In an "interview" with Aphrodite, published in Ultra #2, reveals that Aphrodite always had super-human powers, and apparently comes by these powers naturally. Based on the what is revealed through various hints dropped in the Ultra miniseries, Aphrodite may actually be related to real Greco-Roman gods. She may even be the actual Aphrodite of Greco-Roman myth. The "information" revealed by her publicists and interviews about her being born in the United States but raised in Italy could be intentional subterfuge on her part, a ruse to establish a contemporary, human identity rather than reveal her true nature. Aphrodite certainly seems to be living up to the traditional Aphrodite's reputation as a goddess of sensuality, love and romantic passion. Aphrodite's key characteristic is that she is obsessed with love and sex. This aspect of Aphrodite's personality becomes a major plot point at many times in Ultra, playing into the way she pressures her friend about her long-single, non-dating status. Aphrodite encourages Ultra to look for her "true love," or at least a good romp.

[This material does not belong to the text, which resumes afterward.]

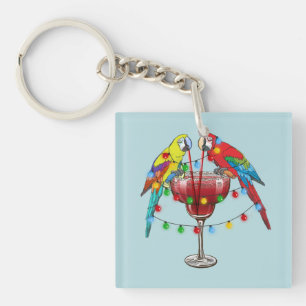 Tropische Macaws trinken Wein Schlüsselanhänger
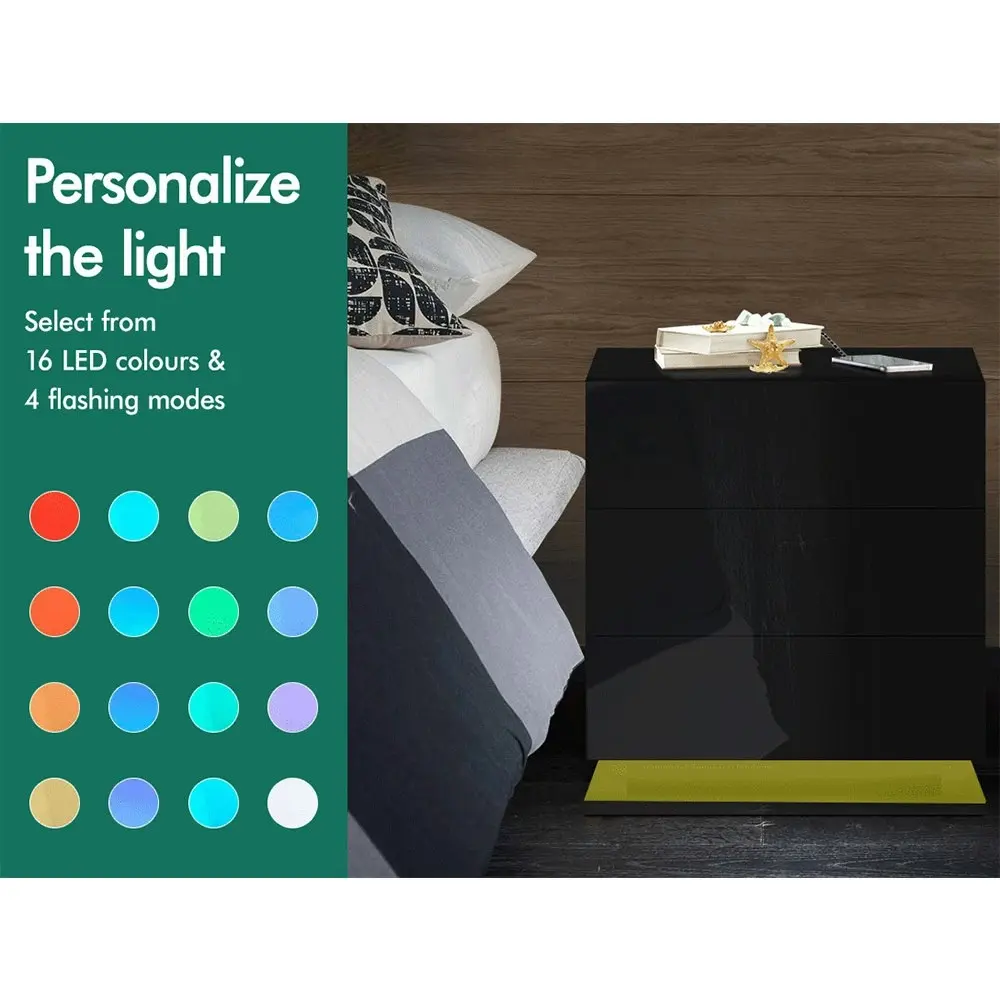 Alfordson 2x Bedside Table Gloss LED Black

In the Ultra series, Aphrodite represents the desire for love, sex and beauty. Aphrodite is a positively portrayed, strong, successful, fun-loving character. But sometimes Aphrodite's focus on these aspects of her life appear obsessive, even pitiful. She is, like the classical Greco-Roman goddess, an embodiment of an aspect of human nature, including both is positive and negative ramifications. Aphrodite is identified as "open-minded", but also "promiscuous" and shallow. At one point, conflict over the differences in their lifestyles erupts, as Ultra berates Aphrodite for being a whore. Ultra accuses Aphrodite of pressuring her to act the same way, so that she can feel better about herself. This is quite a fight, during which Ultra aptly points out that Aphrodite does not represent balanced, normal or healthy attitudes toward love and sexuality. But the friendship between Aphrodite and Ultra is strong, and they apologize to each other and make up soon thereafter.

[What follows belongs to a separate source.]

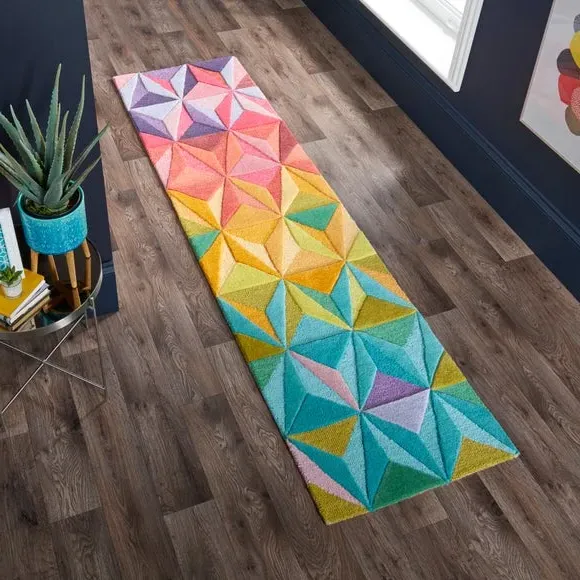 Runner Rug Kaleidoscope Design - Multi, Wool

Aphrodite is the second most important character in the Ultra miniseries, but the focus is clearly on the title character herself (Ultra), and we are left to speculate about the true nature of Aphrodite. She may:
1) simply work for a company named "Olympus Inc." and dress up as "Aphrodite"; the fact that her personality embodies the concerns of the mythological Aphrodite is a coincidence
2) or she is somehow descended from the Greco-Roman mythological gods, in which case Greco-Roman classical religion is part of her family heritage
3) or she is actually the real "Aphrodite", goddess of love and beauty spoken of in Greco-Roman mythology.
Which of these possibilities best describes Aphrodite might be left to the reader to decide. But whichever theory is most accurate, Aphrodite's religious affiliation is best described as Greco-Roman classical religion.